Friday, November 20, 2009

Revisionist History

Remember the Subversion 1.0 celebration T-shirts? Alas, there are no `svnadmin dump' and `svnadmin load' for cottonware.
As you might have read elsewhere, the Subversion project has recently been accepted in the Apache Software Foundation's Incubator. As part of the process, we'll be migrating all kinds of goodies off of — which has been the project's home (and a good one at that) for the past near-decade — and onto Apache-hosted servers. Last weekend we took the first of those steps by migrating our version control history. I managed the Subversion side of this migration, prepping the data for delivery into the ASF Infrastructure team's able hands.

But I wanted to do more than simply move our Subversion history from one place to another. See, when Subversion began, it was a bunch of source code living in a CVS repository. When the source code compiled into something trustworthy, we let Subversion hold it own source code. (For the record, we were never given cause to regret that decision.) But at the time we made that change, there was no reliable and simple way to convert CVS history into Subversion history like there is with cvs2svn today. So we just exported the latest snapshot of our main development line, imported that into Subversion, and dealt with the severed history. However, this repository migration — which was going to be disruptive anyway — presented an opportunity to stitch together our old CVS history and our Subversion history. So I did. Here's how:

  1. Using cvs2svn, I converted all CVS history to Subversion and deposited it into a temporary repository, svn-from-cvs.
  2. Now, the CVS repository data contained some trailing changes that were created after the switch to Subversion back in 2001. Most of those were commits to www/ (which we manually mirrored for a while based on our Subversion commits to trunk/www/). A couple of them were things like system-wide automated tweaks to www/robots.txt made by CollabNet folk. Also, we had real tags and branches in our CVS repos that we didn't bring with us into Subversion. So I dumped the first 3654 revisions from svn-from-cvs — the pre-switchover changes only — and loaded that into the stitch repository, svn-complete.
  3. To historically preserve the fact that apparently we didn't care too much about those old CVS tags and branches, I committed their deletion from svn-complete (but left the branches/ and tags/ top-level directories themselves).
  4. Since the first revision of our project's Subversion history (in the main svn repository) was a massive import into trunk, that would have clashed mightily being loaded atop already-existing files and directories in svn-complete. So instead checked I out svn-complete/trunk@HEAD, then exported svn/trunk@1 atop it. The local mods were the small delta between what we got outta CVS on August 31, 2001, and what we put into Subversion. They were mostly the result of $Date$ keyword formatting differences. I committed those local mods, which now brought svn-complete into sync with svn@1' except that svn-complete still had empty tags/ and branches/ directories (which were added in r532 and r1237, respectively).
  5. I dumped -r2:531 of svn, loading the result into svn-complete.
  6. I skipped r532 (the revision in which we created our tags/ directory) from svn, instead adding a no-op placeholder revision to svn-complete.
  7. I then dumped -r533:1236 of svn, loading the result into svn-complete.
  8. Once again, I skipped r1237 (the revision in which we created our branches/ directory) from svn, instead adding another no-op placeholder revision to svn-complete.
  9. Finally, I dumped the rest of the svn history (r1238:r40515), loading those revisions into svn-complete.
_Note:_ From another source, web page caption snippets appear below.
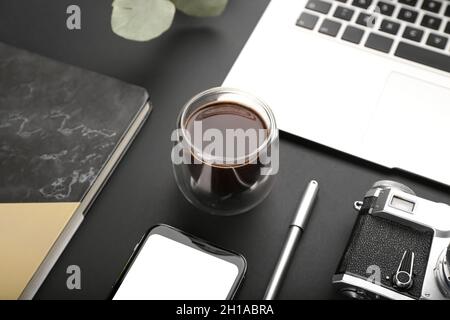 Cup of coffee, laptop, notebook and photo camera on dark background Stock Photo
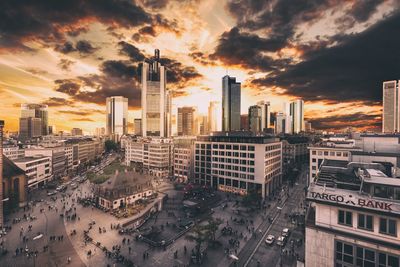 High angle view of buildings against sky during sunset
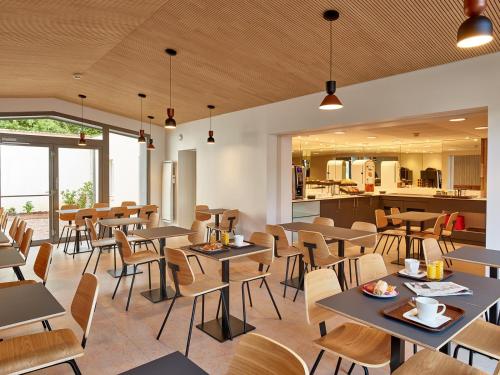 un restaurant avec des tables et des chaises et une cuisine dans l'établissement Hôtel REVOTEL Nancy Centre Gare et Congrès, à Nancy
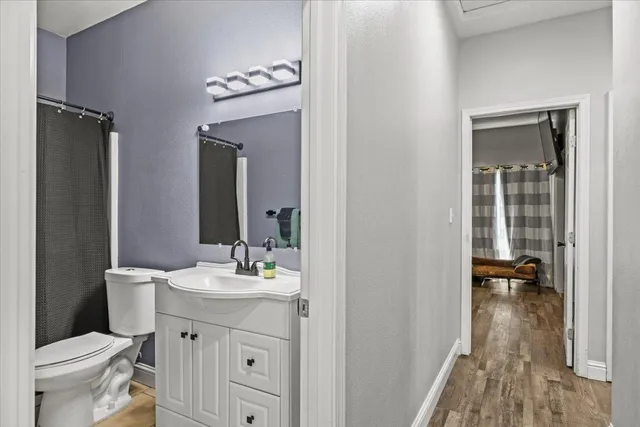 a bathroom with a toilet a sink and a mirror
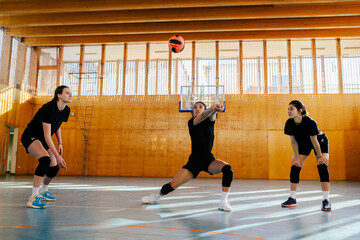 Portrait of a diverse young female volleyball players bumping a ball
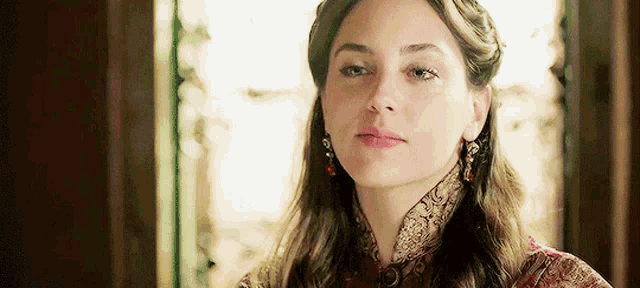 a woman wearing earrings and a braided headband looks at the camera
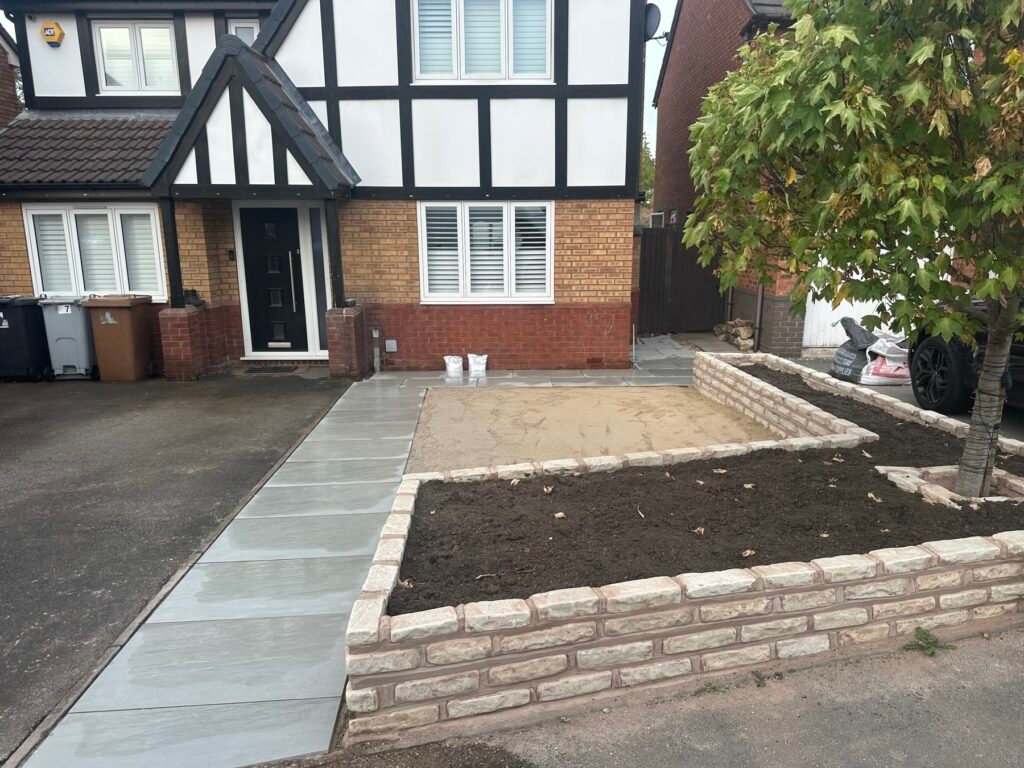 During the build: sandstone path laid, planter walls up, base prepared for the artificial lawn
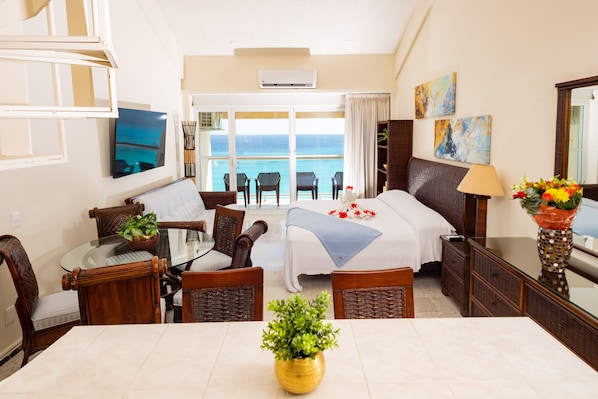 Downstairs living/sleeping area with balcony overlooking the beach. 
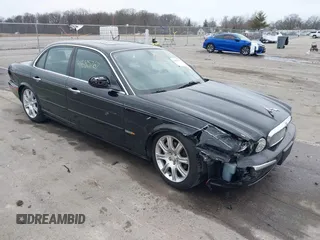 2004 Jaguar XJ with VIN SAJWA71C14SG20122, listed as a IAAI auction lot 41685767 with 113,392 mi miles. Bid and sale history available at carsss.com. Image 1.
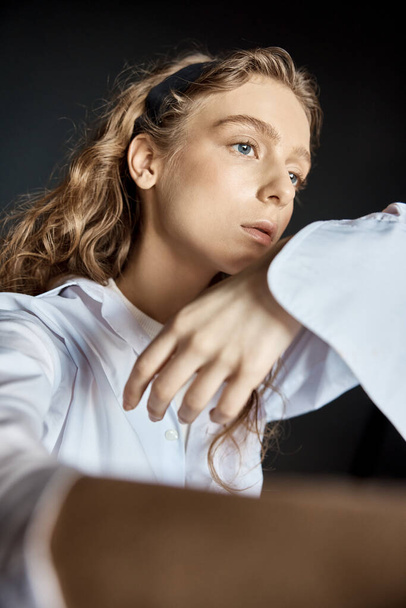 portrait shoot in the studio on a dark background of a beautiful young blonde girl with big blue eyes, long wavy hair, she is dressed in a white cotton shirt with a T-shirt under it and posing - Zdjęcie, obraz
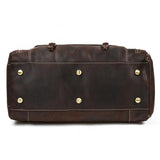 Bottom view of dark brown full grain leather duffle bag with metal feet and white stitching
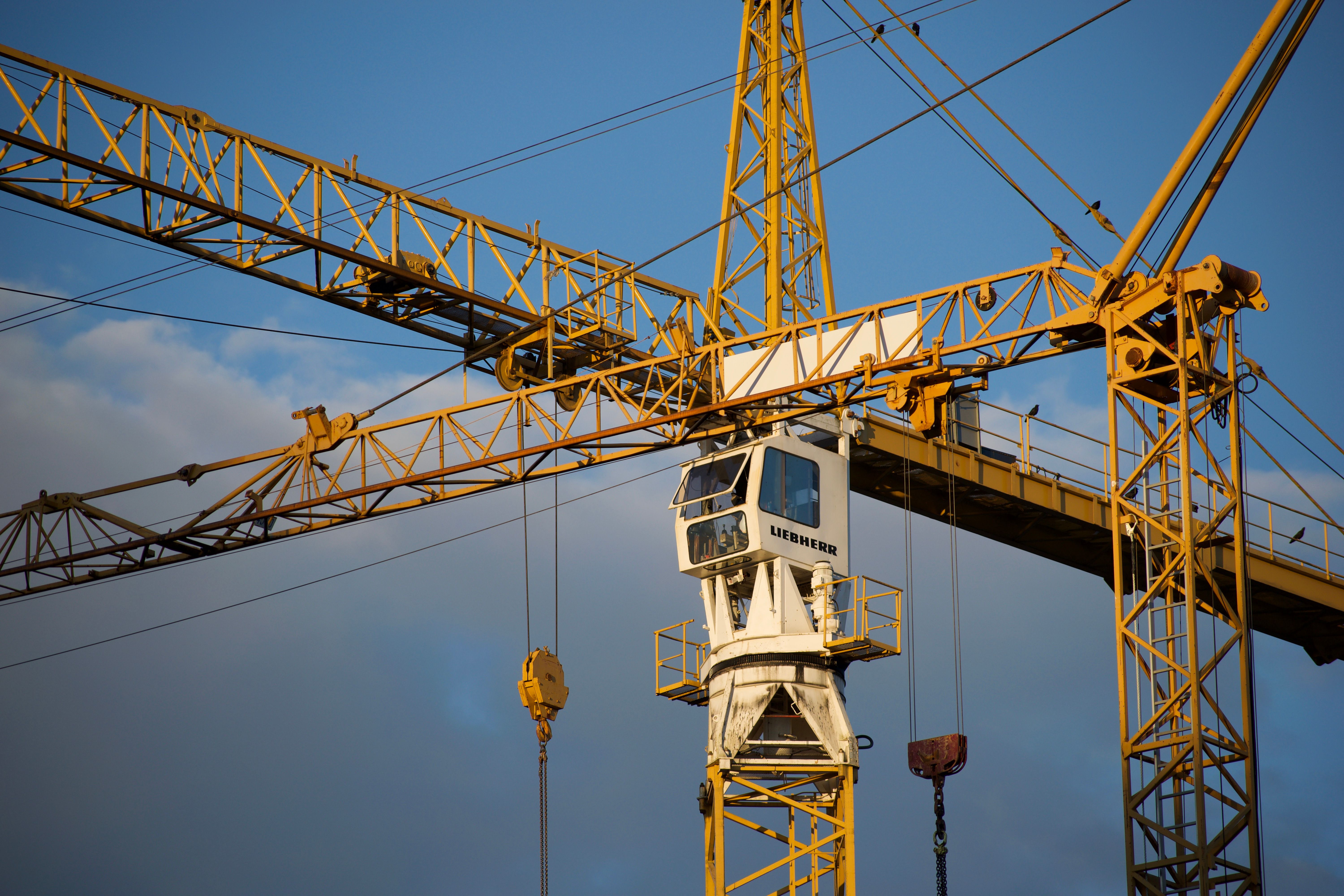 A yellow tower crane rises against a partly cloudy sky, with the focus on the operator's cab.
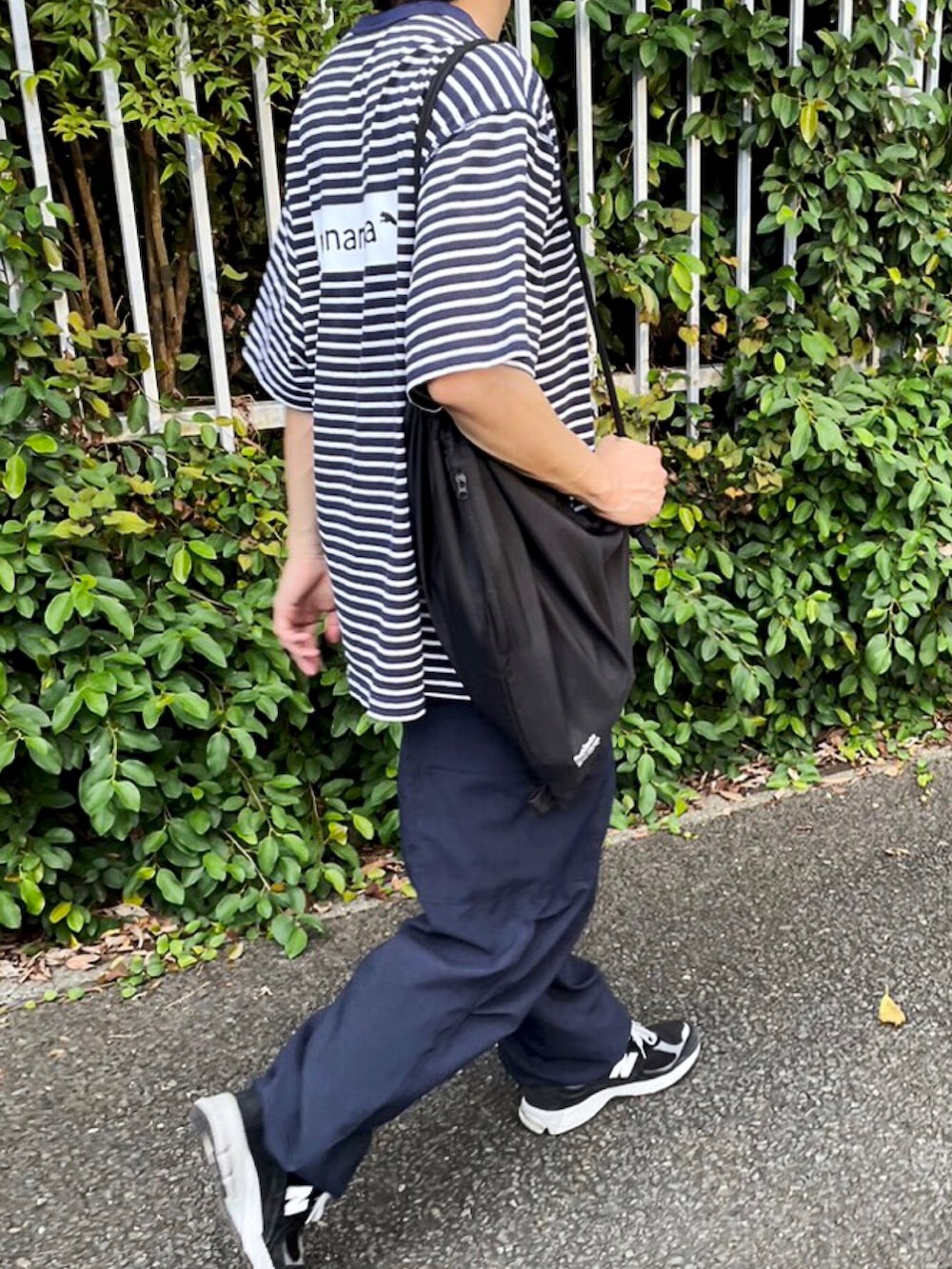 ブラック系のスニーカー、ブラック系のバッグ、ブルー系のカーゴパンツを着用したメンズの秋コーディネートの2枚目の写真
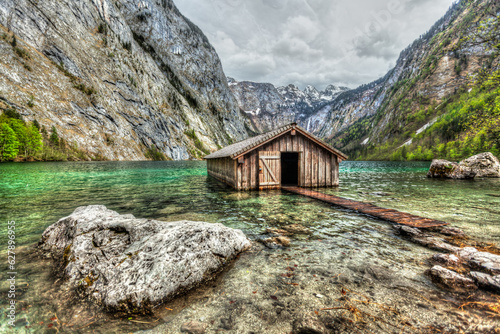 Boat dock hangar on Obersee mountain lake in Alps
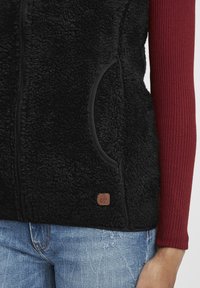 Svart fleeceväst med dragkedja, två sidfickor och en brun logotypbadge. Under västen syns en ribbad maroon långärmad tröja.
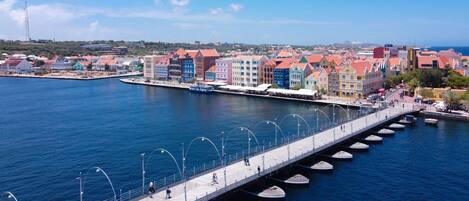 Une promenade en bord de mer, bordée de bâtiments aux couleurs vives, avec un pont et des bateaux amarrés le long du quai.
The result was a single repository (svn-complete) of 44170 revisions (3654 from CVS, 40515 from Subversion, and 1 cleanup revision) that contained all of the Subversion project's version control history, starting with the inception of the project. It's this data that I handed off to the ASF Infrastructure team.

The ASF Infrastructure team took this repository's data and loaded it into the ASF repository (with external commits disabled to prevent interleaved commit history). At the time that this history was loaded into the ASF repository, that repository already had 836419 revisions in it. The next 3655 revisions represent the Subversion CVS history (plus a fixup revision). This means that any historical references found in Subversion's source code, issue trackers, mailing lists, etc. that refer to pre-migration revisions (which are easy to spot, as they are all quite a bit smaller than 800000!) may be found in the ASF repository by adding 836419 + 3655 = 840074 to the revision number.

We as a project are still really finding all the places that this change of address (and revision numbers) will affect us. I can assure you that the last place I expected it to hit was my clothes closet, though!

1 comment:

  1. The fact that my r8810 t-shirt would no longer be 100% accurate was actually the first thing that occurred to me when I saw your email about how the conversion was done ;-)

    Nice job by the way, very cool to have all that history brought along for the ride.